## [Task instructions]
Return the data below in full and exactly, except that the pictures are dropped.

━━ Information supplied

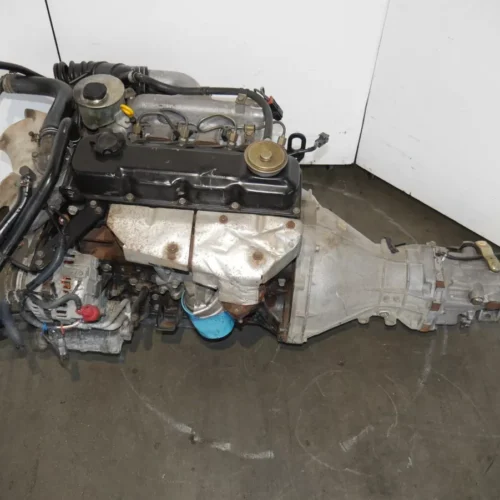 Nissan Pathfinder 2.7L 4cyl Diesel Engine TD27 Diesel Motor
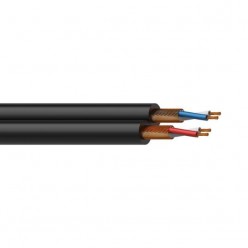 Procab SIG58/5 Balanced signal cable - flex 4 x 0.16 mm? - 25 AWG 500 meter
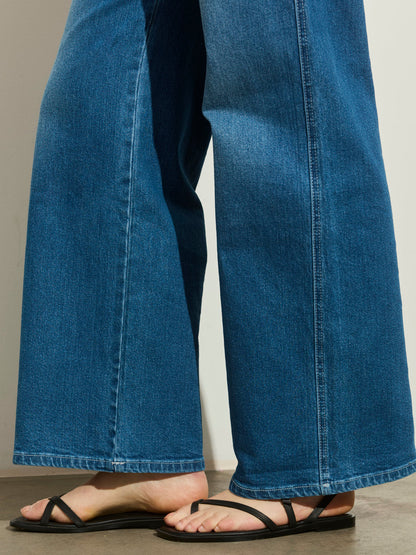 Sanctuary Clothing Smart Buy - Workshop Jean Utility Blue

━━━━

## [Exercise response]
 Nissan Pathfinder 2.7L 4cyl Diesel Engine TD27 Diesel Motor
 Procab SIG58/5 Balanced signal cable - flex 4 x 0.16 mm? - 25 AWG 500 meter
 Sanctuary Clothing Smart Buy - Workshop Jean Utility Blue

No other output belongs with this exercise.